American McGee’s been involved in some minor internet dustup with the fine people over at Kotaku over the purpose of a Kickstarter for Akaneiro: Demon Hunters. The short of it is, McGee’s team is asking for 200k to finish their game – which, by the way, looks like it has some serious fun potential. Kotaku’s Jason Schreier took a dim view of this, seeming to regard the move as unseemly internet panhandling. After all, Akaneiro clearly had some funding already to get as far as they did; they simply ran out of it before the project was finished. McGee responded that Akaneiro was, in fact, 100% complete, save for some various features they would have liked to add in. Which, you have to admit, relies on a pretty unique definition of the word “complete”. Sounds shady, right? Well, not as much as you’d think.

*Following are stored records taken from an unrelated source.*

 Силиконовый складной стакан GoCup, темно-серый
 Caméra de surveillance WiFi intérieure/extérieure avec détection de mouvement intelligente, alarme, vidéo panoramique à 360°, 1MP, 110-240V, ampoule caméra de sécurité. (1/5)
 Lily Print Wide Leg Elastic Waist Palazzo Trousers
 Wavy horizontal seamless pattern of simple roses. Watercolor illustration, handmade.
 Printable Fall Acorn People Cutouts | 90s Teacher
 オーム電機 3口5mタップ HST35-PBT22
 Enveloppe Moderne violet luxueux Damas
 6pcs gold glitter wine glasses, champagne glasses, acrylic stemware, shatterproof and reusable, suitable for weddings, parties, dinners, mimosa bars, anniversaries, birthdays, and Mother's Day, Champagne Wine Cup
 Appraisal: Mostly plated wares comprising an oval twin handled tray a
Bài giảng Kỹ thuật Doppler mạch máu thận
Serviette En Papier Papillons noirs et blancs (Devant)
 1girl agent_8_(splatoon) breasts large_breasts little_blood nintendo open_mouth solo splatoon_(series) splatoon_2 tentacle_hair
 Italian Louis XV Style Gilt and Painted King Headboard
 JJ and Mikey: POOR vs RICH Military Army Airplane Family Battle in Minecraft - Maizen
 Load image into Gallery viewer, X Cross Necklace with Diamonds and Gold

The whole affair seems to open up some questions about what the purpose of Kickstarter is. In my mind, and I think in the minds of many, a proper Kickstarter does exactly that – it kickstarts a worthy project that probably wouldn’t see the light of day without some crowdsource supporting. McGee’s team clearly isn’t in that situation. Instead, they’re using Kickstarter to top off a finished project and add in features that had to be cut due to the usual time and money constraints. That’s why McGee can on the one hand say the project is 100% complete, but still turn around and sincerely offer up a Kickstarter. The game can be done – it can run, have a beginning and middle and ending – yet at the same time, be made better. And if you don’t believe me, think of any game you’ve ever played – whether you liked it or hated it – and ask yourself if you could think of something you’d add to the game. Chances are, you can. But does the fact that you can think of such a feature mean that the game, as is, is incomplete? If so, I’ve got some news for you: you’ve never played a finished game in your life. If not, well, then you can see the situation McGee is presenting himself as being in right now.
Either way, as of this writing Akaneiro has 26 days to go and has nearly reached 50k of it’s 200k goal, so it looks reasonable to bet that Akaneiro will be getting a post-100% tune-up. But hopefully a little light has been shed on how McGee can be saying with a straight face that his team’s game is both complete, yet also could really use an extra 200k to add on some planned features on top of it all.